Yet for all this some people would argue that the 86 is no sportscar, based on numbers, and those people are known as measurebators, because they are missing the point as surely as someone who says a sunset isn’t beautiful because there’s not enough daylight to appreciate it. Anyway, the 86’s 0-100 time is in the order of 7.5 seconds. This is, frankly, slow, even if you use the excuse there’s a gearchange to third just before 100. Don’t ever try and win a drag race in an 86 because you will be embarrassed by mediocre front-wheel-drive sedans and any chance of success will require an unseemly amount of revs and effort. If your idea of fun is gut-wrenching acceleration followed by smashing the brakes – as it appears to be for our local hoons – then the 86 is not for you. But that’s like trying to play music by gorilla-smashing the hell out of drums rather than the sweet rhythmic delicacy of the skilled flute player. Toyota took a daring step of fitting the car with not so grippy tyres so the drivers would have to work – enjoy – the task of putting power to the ground. Contrast that with most of sportscars which are focused on going as fast as possible for as little effort (enjoyment) as possible. Instead, the 86 demands, then rewards effort and involvement, and the car feels faster than it is. But, I’ve never met a kilowatt I didn’t like, so, yes, more grunt wouldn’t go astray.

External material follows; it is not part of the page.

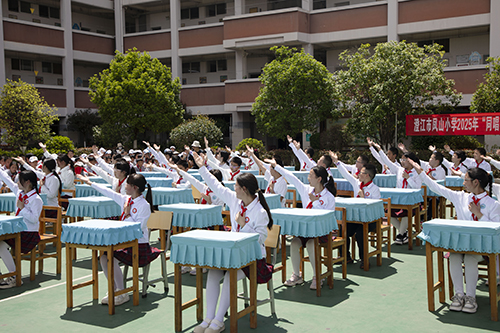 凤山小学开展课桌舞大赛.jpg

So, sportscar it is. But sportscars are often hard to live with. Take, for example, one of my favourites, the Lotus Elise. Nobody owns one as an only car (well, nobody sane) because it is too low, too small, lacks luggage space and is generally just too impractical. Unlike the 86, which while not reaching hot-hatch levels of sensibility does very well indeed for its price and design. Coupe it may be, but there’s four seats although the front row occupants are going to have to pull their seats forwards if the people in the rear are are going to be even uncomfortable. There’s the option for a full-size spare, and enough boot space for shopping or even a 12 year old’s bike, front wheel removed. The 86 can carry four of its own tyres too, a trick any other sportscar would struggle to match, let alone a coupe. It’s a low car, but not so low it’s a problem even if some driveways take more than than in say a Corolla, rear visibility is a little compromised, fuel economy is not great considering the size and weight – around 7-8L/100km and 98RON only – but none of that takes away from the fact that the 86 is a liveable daily driver in general, and especially considering its sporting credentials. Which is another reason I love it, because I like my cars to be multipurpose.
So far I’ve not got a bad word to say about the 86, but now we get to other cloud on the horizon next to the one marked Lack of Power, and that’s quality. The car is cheap, and Toyota spent all their money making the thing handle like a Porsche Cayman, leaving no funds left to do much about the fit and finish. So let’s start – steering wheels peel unattractively, the paint job is pathetically thin and swirl-prone, the cars make odd rattles here and there, and in general the car is more plastic cutlery than silver service. If you spent time in the aforementioned Porsche you will see the difference between the two is not in the fun of driving but in the overall quality, trim and finish. Not to mention more power.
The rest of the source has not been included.